Rozdział IX

PROGRAM Z ROKU 1903 I JEGO LIKWIDATORZY

Protokoły zjazdu r. 1903, zjazdu, który uchwalił program marksistów rosyjskich, stały się nadzwyczajną rzadkością i olbrzymia większość współczesnych działaczy ruchu robotniczego nie jest obznajomiona z motywami poszczególnych punktów programu (tym bardziej, że bynajmniej nie wszystko z odnośnej literatury korzysta z dobrodziejstw legalności...). Dlatego też zatrzymać się nad analizą interesującej nas kwestii na zjeździe r. 1903 jest rzeczą konieczną.

Zaznaczmy przede wszystkim, że mimo całe ubóstwo rosyjskiej literatury socjaldemokratycznej, dotyczącej "prawa narodów do samookreślenia", widać z niej jednakże zupełnie wyraźnie, że prawo to rozumiane było zawsze w sensie prawa do oderwania się. Panowie Sjemkowscy, Libmanowie i Jurkiewicze, którzy mają co do tego wątpliwości, którzy oświadczają, że § 9 jest "niejasny" itp., gadają o "niejasności" tylko wskutek krańcowego nieuctwa lub niedbalstwa. Już w roku 1902 w piśmie "Zaria" Plechanow, broniąc „prawa do samookreślenia” w projekcie programu, pisał, że postulat ten, nie obowiązujący dla burżuazyjnych demokratów, "jest obowiązujący dla socjaldemokratów". "Gdybyśmy zapomnieli o nim lub nie zdecydowali się wystawić go — pisał Plechanow—obawiając się urazić przesądy narodowe naszych współczesnych z plemienia wielko-rosyjskiego, to w ustach naszych stałoby się haniebnym kłamstwem. .. hasło.. . : "proletariusze wszystkich krajów, łączcie się!"
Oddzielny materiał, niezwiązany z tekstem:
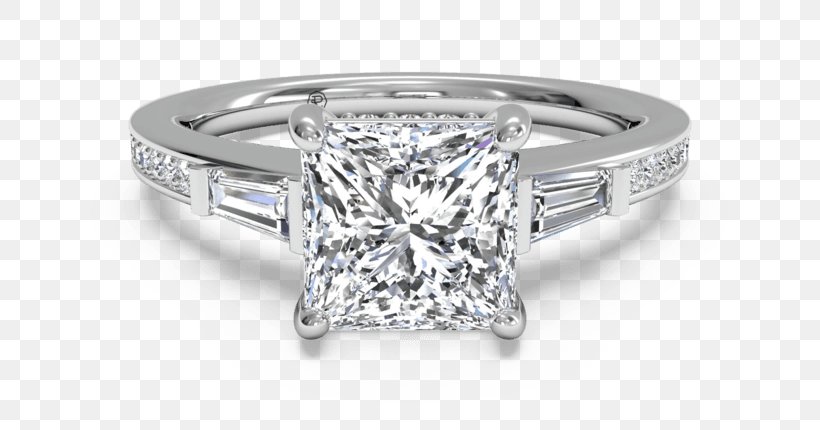 Engagement Ring Princess Cut Diamond Solitaire, PNG, 640x430px, Engagement Ring, Bling Bling, Body Jewelry, Bride, Diamond Download Free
Jest to bardzo trafna charakterystyka zasadniczego argumentu na korzyść rozpatrywanego punktu, tak trafna, że nie darmo ją bojaźliwie omijali i omijają "nie pamiętający swego pochodzenia" krytycy naszego programu. Wyrzeczenie się danego punktu, bez względu na motywy, którymi się je uzasadnia, w rzeczywistości oznacza "haniebne" ustępstwo na rzecz nacjonalizmu wielkorosyjskiego. Dlaczego wielkorosyjskiego, gdy mówi się o prawie wszystkich narodów do samookreślenia? Dlatego, że mowa jest o oderwaniu się od Wielkorusów. Sprawa zespolenia proletariuszy, sprawa ich solidarności klasowej wymaga uznania prawa narodów do oderwania się — oto co uznał w przytoczonych tu słowach Plechanow 14 lat temu. Gdyby nasi oportuniści zastanowili się nad tym, nie nagadaliby zapewne tylu głupstw na temat samookreślenia.

Na zjeździe w r. 1903, na którym był zatwierdzony ów broniony przez Plechanowa projekt programu, główna praca skoncentrowana była w komisji programowej. Protokoły tej komisji niestety nie były prowadzone. A właśnie w tym punkcie byłyby one szczególnie ciekawe, albowiem tylko w komisji przedstawiciele socjaldemokratów polskich, Warszawski i Hanecki, próbowali bronić swego stanowiska i zwalczać "uznanie prawa do samookreślenia". Czytelnik, który by chciał porównać ich argumenty (wyłożone w przemówieniu Warszawskiego i w deklaracji jego i Haneckiego, str. 134—136 i 388—390 protokołów) z argumentami Róży Luksemburg w zanalizowanym przez nas jej artykule polskim, zobaczyłby zupełną tożsamość tych argumentów.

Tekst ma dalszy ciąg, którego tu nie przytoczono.